## Action item
Exact copy, no pictures: repeat the data that follows.

## Collected material

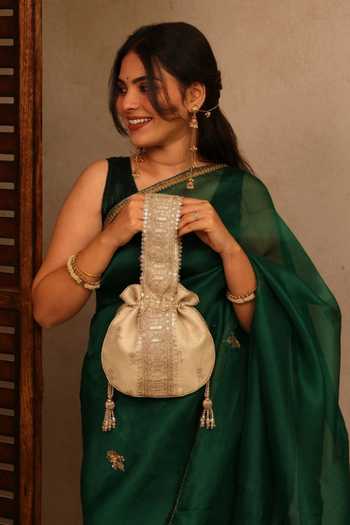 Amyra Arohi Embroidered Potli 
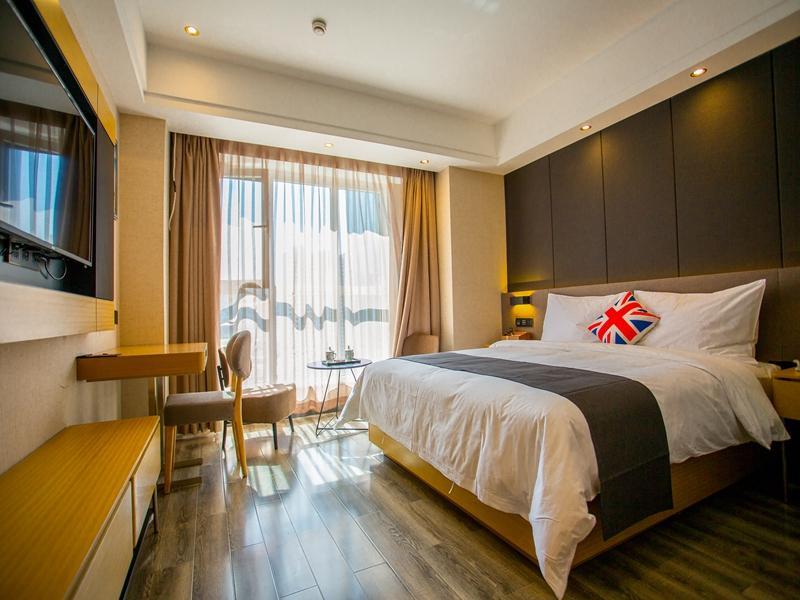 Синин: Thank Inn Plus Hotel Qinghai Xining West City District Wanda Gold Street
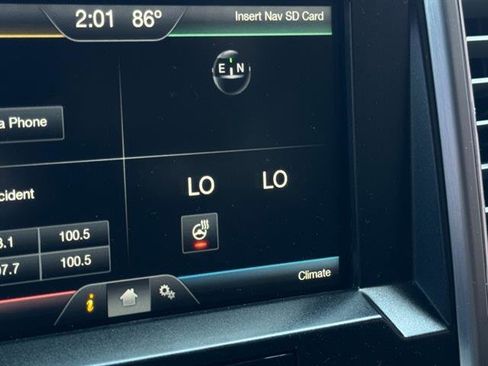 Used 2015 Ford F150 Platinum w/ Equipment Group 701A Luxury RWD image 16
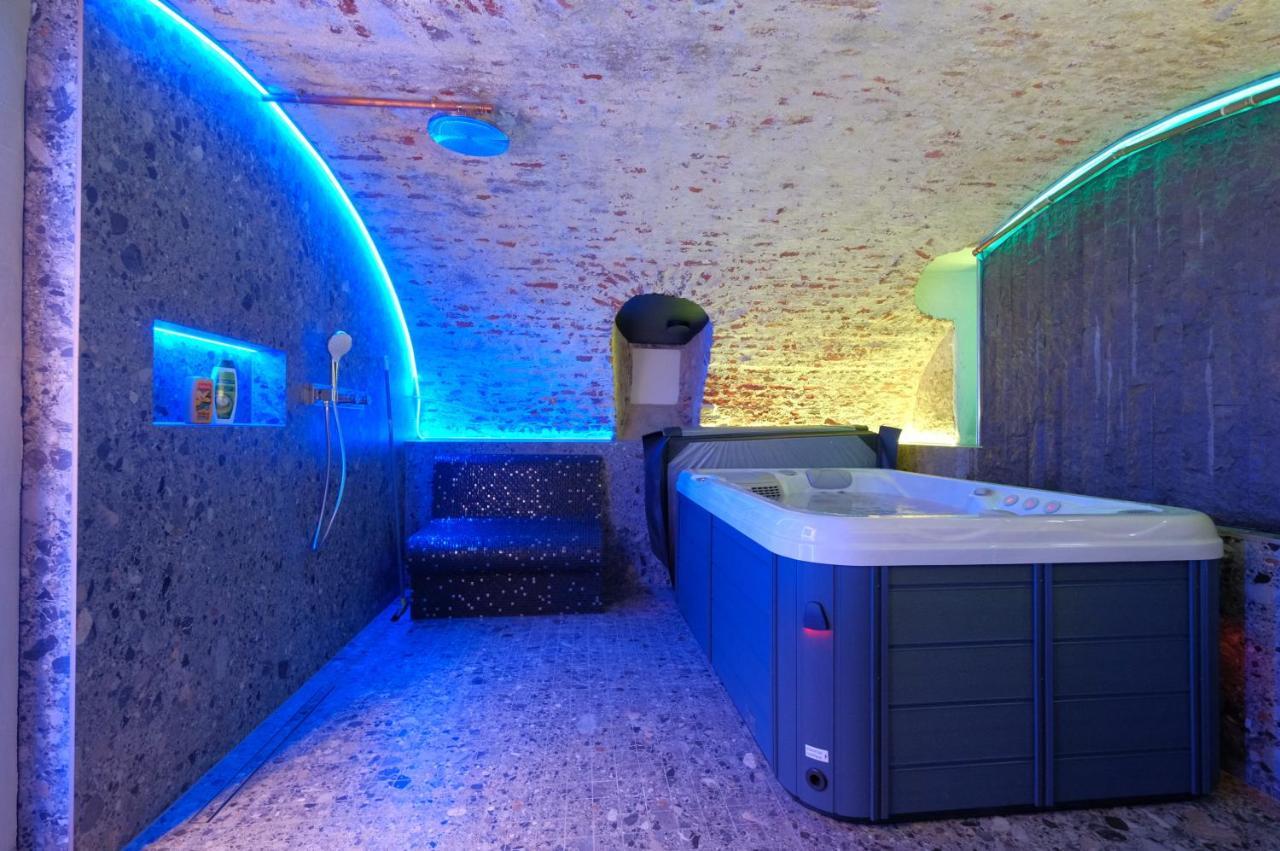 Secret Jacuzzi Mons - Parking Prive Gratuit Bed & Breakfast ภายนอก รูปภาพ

## Answer area
 Amyra Arohi Embroidered Potli 
 Синин: Thank Inn Plus Hotel Qinghai Xining West City District Wanda Gold Street
 Used 2015 Ford F150 Platinum w/ Equipment Group 701A Luxury RWD image 16
 Secret Jacuzzi Mons - Parking Prive Gratuit Bed & Breakfast ภายนอก รูปภาพ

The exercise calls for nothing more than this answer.